I've often noted that journalism, and in particular the reporting (and non-reporting) of crime, is not to be taken at face value.  The most deceptive part is not the slanting of stories, although that's a major problem. The most deceptive part is what gets covered and what gets deep-sixed.

Last weekend, the Palin family was apparently involved in a booze-filled free-for-all at a family party in Anchorage.  This was covered by the New York TimesCNN, USA Today, the Washington Post, ABCMSNBC, and a whole bunch more.

Fair enough.  Sarah Palin was a candidate for Vice President six years ago and remains, kind of, a voice within the Republican Party.  So I get the coverage.

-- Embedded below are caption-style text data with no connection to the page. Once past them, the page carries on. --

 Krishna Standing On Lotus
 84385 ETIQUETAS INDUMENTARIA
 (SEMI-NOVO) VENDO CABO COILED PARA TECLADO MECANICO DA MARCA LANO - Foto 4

What I don't get is the press's simultaneous and virtually uniform blackout of a grisly murder rampage by an avowed Jihadist.  As the conservative blog Powerline reports:

If a Jihadist were going around the United States committing random murders, you might think it would be a significant news story. But apparently not: until this morning, I had never heard of Ali Muhammad Brown, a "devout Muslim" who murdered at least four random American men as an act of Islamic jihad.

It seems that the only major paper to have picked up this story, though it broke last month, was the New York Post.

Moral of story:  As I tell my students, listen critically to what you're hearing  -- and even more critically to what you're not hearing.


Not to mention, the press has been eerily silent about the Louisiana Democrat Party endorsing a felon former governor for Congress and the sitting Democrat senator in a tight reelection bid from the same state using taxpayer funds for campaign trips dating back to the early 2000's.

They would be screaming from the rafters if there was an "R" after their names.

The Post gets a bad rap. I take it to the Times any day of the week.